Directions for this task
Exactly as written, retype the listing below, omitting the pictures.

[[ Data segment, beginning ]]

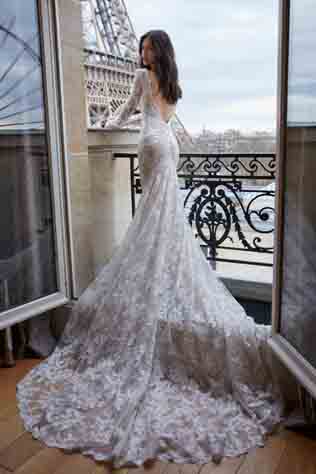 Свадебная коллекция Julie Vino 2019 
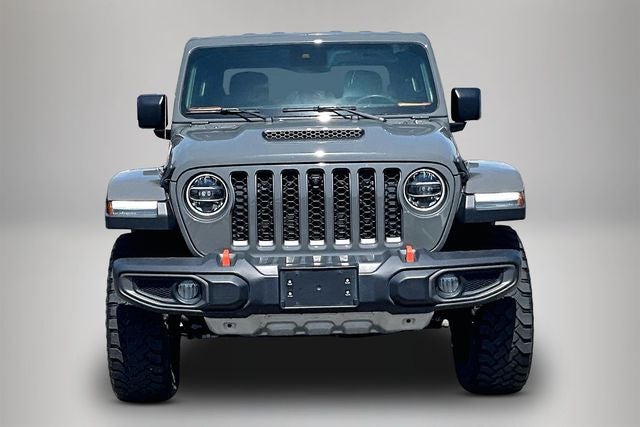2020 Jeep Gladiator Mojave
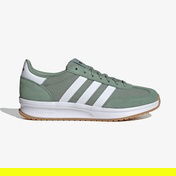 adidas Run 70S 2.0 Erkek Yeşil Koşu Ayakkabısı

[[ Data segment, end ]]

Answer to this task
 Свадебная коллекция Julie Vino 2019 
2020 Jeep Gladiator Mojave
 adidas Run 70S 2.0 Erkek Yeşil Koşu Ayakkabısı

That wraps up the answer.